Em contrapartida, Renata Paschoal está divertidíssima na pele da Aluna, exibindo aqui uma das melhores atuações de sua carreira - a atriz trabalha de forma irrepreensível os tempos rítmicos e uma certa "robotização" da personagem, cabendo ainda destacar a propositada monocordia da maior parte de suas falas, quase sempre proferidas num tom alto e sugerindo que as mesmas advém de impulsos não processados pelo consciente. Igualmente notável a breve participação de Cecil Thiré como a Empregada, tanto no que diz respeito à composição física como no que concerne ao texto proferido, impregnado de divertido sotaque.
       
Já em "A cantora careca", também dirigida de forma simples e objetiva - o que confere à peça o absurdo e humor que lhes são inerentes - Nelson Xavier está excelente vivendo o Sr. Martin, numa composição cujo principal mérito consiste na capacidade do ator de jamais alterar o tom de voz, a cadência de suas falas e a expressão de seu rosto, o que produz um resultado tão inusitado quanto divertido. Renata Paschoal intepreta com segurança a Sra. Martin, sendo irrepreensíveis as performances de Cecil Thiré (Sr. Smith) e Thelma Reston (Sra. Smith). Os dois, diga-se de passagem, conseguem estabelecer divertidíssima contracena, sobretudo  através das pausas e dos momentos em que "congelam", como se algo de gravíssimo tivesse sido dito, o que jamais ocorre.

Na pele da Empregada, Maria Gladys exibe todo o seu carisma e talento de comediante, valorizando ao máximo sua breve participação. Finalmente, um destaque todo especial para Roberto Frota encarnando o Bombeiro. Quase sempre mantendo uma postura grave e um tanto alterada, o ator dá um show sobretudo quando conta sua interminável e última piada. Gladys e Frota demonstram, de maneira inequívoca, que é perfeitamente possível extrair o máximo de papéis coadjuvantes, desde que, dentre outros fatores, contem com a preciosa colaboração de uma dupla de diretores como Delson Antunes e Camilla Amado, esta última uma das mais brilhantes, cultas e instigantes atrizes deste país, além de notável professora da complexa arte de interpretar.

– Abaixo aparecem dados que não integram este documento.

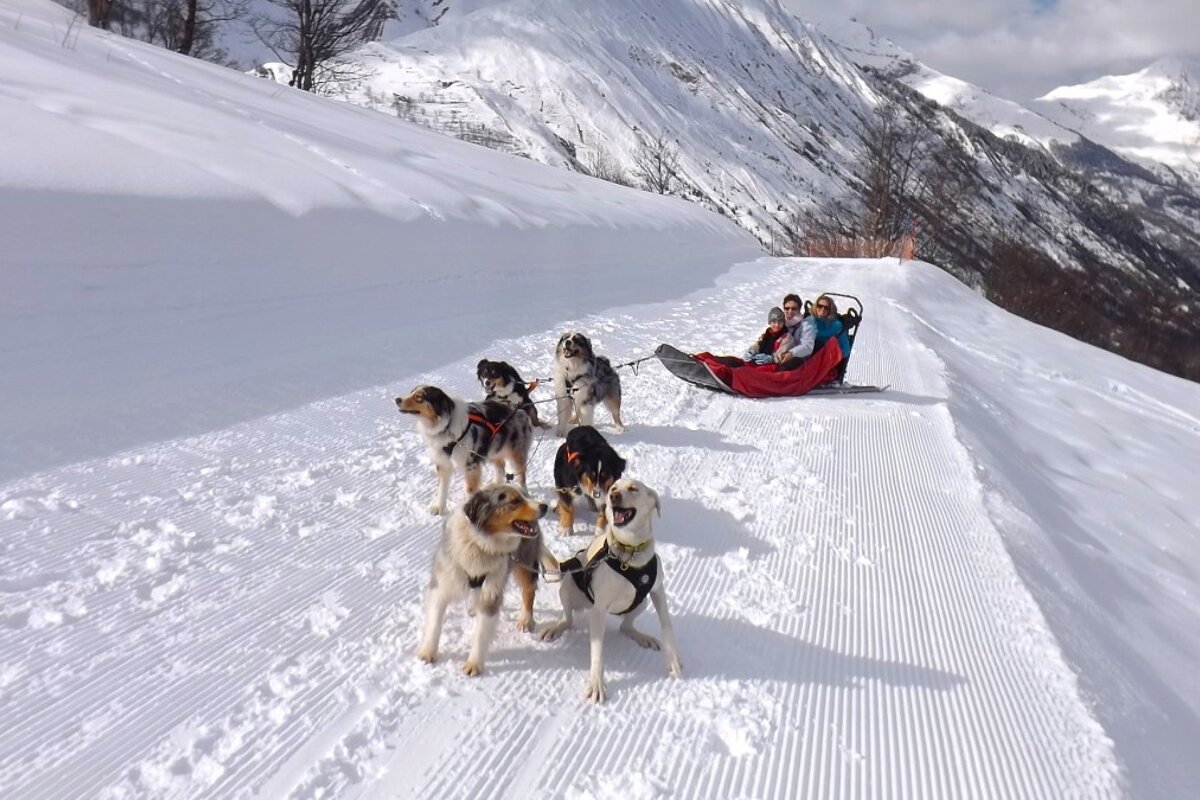 husky sledding in val thorens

Na equipe técnica, Fernando Mello da Costa assina cenografias corretas para os dois espetáculos, a mesma correção presente na iluminação de Paulo César Medeiros. Quanto aos figurinos, Marcelo Marques veste os personagens em total sintonia com o contexto e personalidades retratadas.

A LIÇÃO e A CANTORA CARECA - Textos de Eugène Ionesco. Direção de Delson Antunes e Camilla Amado. Com Nelson Xavier, Cecil Thiré, Thelma Reston, Renata Paschoal, Maria Gladys e Roberto Frota. Teatro Maison de France. Quinta a sábado, 20h. Domingo, 19h.

Um comentário:

  1. Tive a mesma impressão do Nelson Xavier em "A Lição" e concordo que sua escolha não tenha funcionado. Pra mim, a estrela dourada do espetáculo vai pro Cecil Thiré...ele tá sensacional em ambas as peças!